§ **Source information**:
--- START ---

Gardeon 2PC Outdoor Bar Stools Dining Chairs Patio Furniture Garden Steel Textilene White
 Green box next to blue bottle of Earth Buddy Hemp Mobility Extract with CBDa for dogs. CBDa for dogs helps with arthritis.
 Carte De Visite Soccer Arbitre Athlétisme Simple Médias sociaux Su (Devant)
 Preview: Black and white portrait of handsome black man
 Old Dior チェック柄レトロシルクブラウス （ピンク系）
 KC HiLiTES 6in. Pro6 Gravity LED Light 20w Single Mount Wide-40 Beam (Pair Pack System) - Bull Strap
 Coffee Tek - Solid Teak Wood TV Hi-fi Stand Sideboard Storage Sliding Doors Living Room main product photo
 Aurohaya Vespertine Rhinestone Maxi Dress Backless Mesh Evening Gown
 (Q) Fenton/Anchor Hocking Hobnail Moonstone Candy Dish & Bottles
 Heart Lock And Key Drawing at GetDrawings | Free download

--- END ---

§ **What you are asked to do**: Transcribe the data word for word.

§ **Answer for the task**:
Gardeon 2PC Outdoor Bar Stools Dining Chairs Patio Furniture Garden Steel Textilene White
 Green box next to blue bottle of Earth Buddy Hemp Mobility Extract with CBDa for dogs. CBDa for dogs helps with arthritis.
 Carte De Visite Soccer Arbitre Athlétisme Simple Médias sociaux Su (Devant)
 Preview: Black and white portrait of handsome black man
 Old Dior チェック柄レトロシルクブラウス （ピンク系）
 KC HiLiTES 6in. Pro6 Gravity LED Light 20w Single Mount Wide-40 Beam (Pair Pack System) - Bull Strap
 Coffee Tek - Solid Teak Wood TV Hi-fi Stand Sideboard Storage Sliding Doors Living Room main product photo
 Aurohaya Vespertine Rhinestone Maxi Dress Backless Mesh Evening Gown
 (Q) Fenton/Anchor Hocking Hobnail Moonstone Candy Dish & Bottles
 Heart Lock And Key Drawing at GetDrawings | Free download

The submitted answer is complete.